Tuesday, February 10, 2026

A weak dollar and unemployment in the US are hitting remittance recipients in the Americas

he dollar's weakness is a response to a "not very healthy" economic outlook in the United States, which is also impacting "the hemisphere's economy and the global economy," warned an economist.

Q REPORTS — (EFE) The dollar’s depreciation, at its lowest level in four years, and the unemployment rate in the United States, one of the highest since 2021, are impacting remittances received by families in Latin America, particularly in Mexico, a country that experienced a nearly 5% drop in remittances in 2025.

Money sent to Mexico decreased by 4.6% to $61.791 billion in 2025, the first year of Donald Trump’s second presidency in the United States, a decline that ended 11 consecutive years of growth, the Bank of Mexico (Banxico) revealed last week.
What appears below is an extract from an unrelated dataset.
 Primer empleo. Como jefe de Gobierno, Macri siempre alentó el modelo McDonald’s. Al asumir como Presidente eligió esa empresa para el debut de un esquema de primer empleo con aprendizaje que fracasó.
In contrast, a report by the Inter-American Dialogue estimated that remittances grew by 8%, to $158 billion, in nine countries that account for more than 90% of these flows in the region: Colombia, the Dominican Republic, Ecuador, El Salvador, Guatemala, Haiti, Honduras, and Jamaica, with the exception of Mexico.

But despite the increase, specialists warn of the loss of purchasing power for families receiving remittances in Latin America because the dollar depreciated by 10% in 2025, its worst value since 2017, and reached its lowest level in four years two weeks ago.

The dollar’s weakness is due to a “not very healthy” economic outlook in the United States, which also impacts “the hemispheric economy and the global economy,” warned economist Alejandra Y. Castillo, global advisor to the Public Spend Forum (PSF), in an interview with EFE.

“I send remittances to the Dominican Republic. I have many relatives who send remittances to their loved ones. That dollar isn’t going as far anymore, as we say, in terms of purchasing power,” explained Castillo, who served as Assistant Secretary for Economic Development at the Department of Commerce (2021-2024).

A Cheap Dollar: A Double-Edged Sword

Officials in the Trump Administration have promoted a weak dollar to encourage exports, but the expert sees it as “a double-edged sword” due to its impact on purchasing power in the United States and abroad.

Although “on the one hand, it’s said to benefit exports because they become cheaper,” the specialist points out that, “on the other hand, it makes imports more expensive,” which “raises inflation” in the United States.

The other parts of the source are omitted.